**Problem statement:** Produce again, without any change, the lines running from the one with "green cotton flared" through the final line of the data below, and only those.

Records from a data source:
--------------------
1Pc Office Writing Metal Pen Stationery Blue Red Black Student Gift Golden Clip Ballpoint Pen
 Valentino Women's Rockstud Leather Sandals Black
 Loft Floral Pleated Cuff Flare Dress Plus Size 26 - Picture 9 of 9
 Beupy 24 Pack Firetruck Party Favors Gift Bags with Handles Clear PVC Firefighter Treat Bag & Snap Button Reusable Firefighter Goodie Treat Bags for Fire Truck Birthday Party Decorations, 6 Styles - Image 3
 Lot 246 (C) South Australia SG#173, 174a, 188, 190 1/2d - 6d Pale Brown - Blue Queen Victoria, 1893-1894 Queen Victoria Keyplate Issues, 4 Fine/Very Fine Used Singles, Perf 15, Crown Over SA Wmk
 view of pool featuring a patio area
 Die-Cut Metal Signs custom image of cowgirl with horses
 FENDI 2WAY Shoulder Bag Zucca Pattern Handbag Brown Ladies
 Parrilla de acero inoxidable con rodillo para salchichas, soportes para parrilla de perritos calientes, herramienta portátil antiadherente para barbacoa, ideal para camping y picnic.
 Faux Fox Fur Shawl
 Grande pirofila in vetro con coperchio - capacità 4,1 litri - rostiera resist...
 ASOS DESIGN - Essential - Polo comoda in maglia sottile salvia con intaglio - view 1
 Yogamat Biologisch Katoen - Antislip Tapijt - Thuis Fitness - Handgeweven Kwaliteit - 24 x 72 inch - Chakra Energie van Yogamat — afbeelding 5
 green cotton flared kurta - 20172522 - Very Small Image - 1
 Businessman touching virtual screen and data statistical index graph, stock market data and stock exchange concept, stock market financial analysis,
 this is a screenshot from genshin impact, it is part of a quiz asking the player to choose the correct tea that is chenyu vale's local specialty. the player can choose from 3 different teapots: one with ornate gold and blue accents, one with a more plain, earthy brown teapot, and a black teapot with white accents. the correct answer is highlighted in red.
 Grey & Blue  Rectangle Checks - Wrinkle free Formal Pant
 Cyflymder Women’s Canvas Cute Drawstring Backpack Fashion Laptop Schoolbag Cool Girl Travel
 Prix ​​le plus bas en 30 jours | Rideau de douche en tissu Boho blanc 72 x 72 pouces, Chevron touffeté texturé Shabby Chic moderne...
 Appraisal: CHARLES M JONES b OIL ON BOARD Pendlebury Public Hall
--------------------
**Task result:**
 green cotton flared kurta - 20172522 - Very Small Image - 1
 Businessman touching virtual screen and data statistical index graph, stock market data and stock exchange concept, stock market financial analysis,
 this is a screenshot from genshin impact, it is part of a quiz asking the player to choose the correct tea that is chenyu vale's local specialty. the player can choose from 3 different teapots: one with ornate gold and blue accents, one with a more plain, earthy brown teapot, and a black teapot with white accents. the correct answer is highlighted in red.
 Grey & Blue  Rectangle Checks - Wrinkle free Formal Pant
 Cyflymder Women’s Canvas Cute Drawstring Backpack Fashion Laptop Schoolbag Cool Girl Travel
 Prix ​​le plus bas en 30 jours | Rideau de douche en tissu Boho blanc 72 x 72 pouces, Chevron touffeté texturé Shabby Chic moderne...
 Appraisal: CHARLES M JONES b OIL ON BOARD Pendlebury Public Hall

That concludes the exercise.